Data extracts Block Start
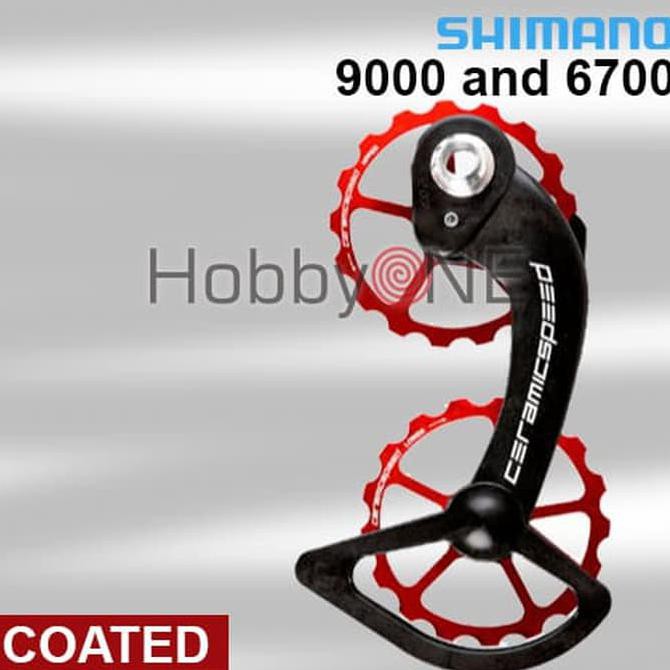 Ceramic Speed Ospw Coated Dura Ace 9000 7900 And Ultegra 6800 Red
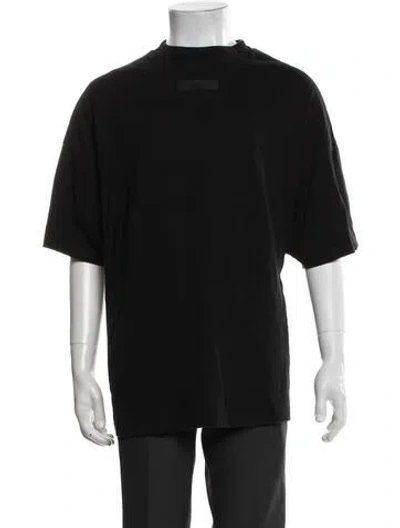 Pre-owned Essentials Signature Logo Mock Neck T-shirt In Black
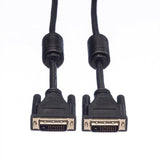 EAN 7611990118052 - ROLINE 11.04.5556 cable DVI 7,5 m DVI-D Negro imagen 3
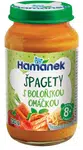 HAMÁNEK Špagety s boloňskou omáčkou a kuřecím masem 230 g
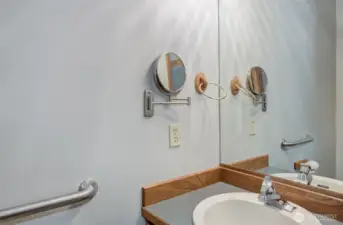 Main floor powder room is convenient to everything!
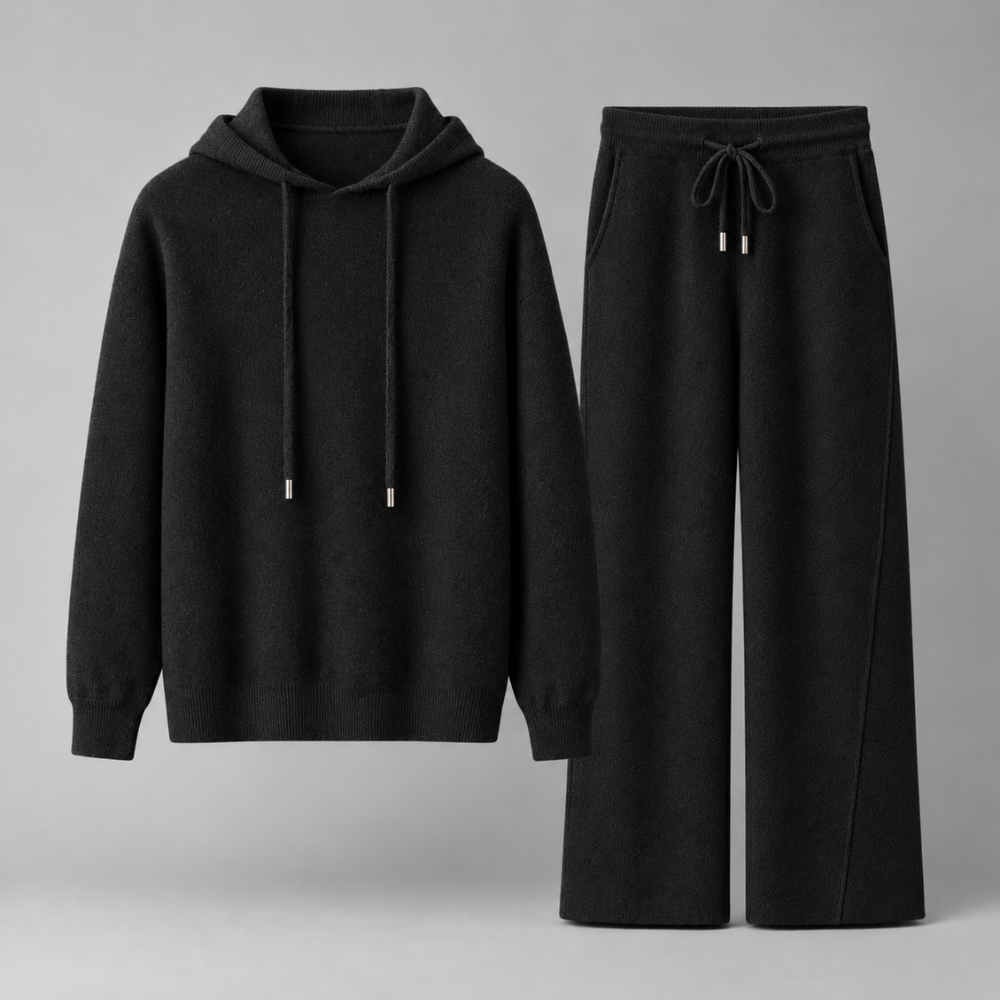 Fumio Hooded Knit Set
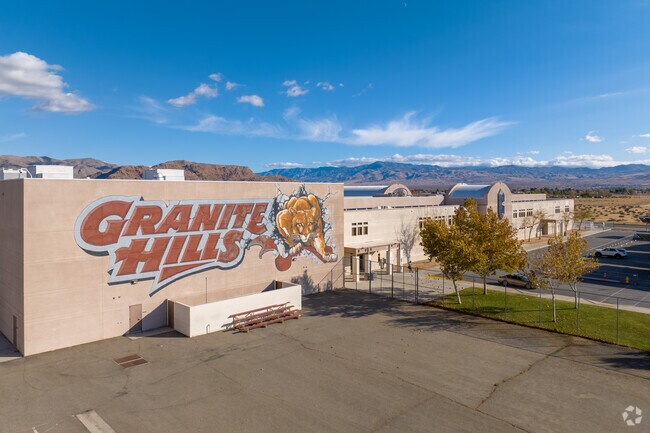 A grand mural adorn the buildings of Granite Hills High.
Data extracts Block End
**Exercise:**
Reproduce the material word for word. Skip every picture it holds.

**Reply to the task:**
 Ceramic Speed Ospw Coated Dura Ace 9000 7900 And Ultegra 6800 Red
 Pre-owned Essentials Signature Logo Mock Neck T-shirt In Black
 EAN 7611990118052 - ROLINE 11.04.5556 cable DVI 7,5 m DVI-D Negro imagen 3
 HAMÁNEK Špagety s boloňskou omáčkou a kuřecím masem 230 g
 Main floor powder room is convenient to everything!
 Fumio Hooded Knit Set
 A grand mural adorn the buildings of Granite Hills High.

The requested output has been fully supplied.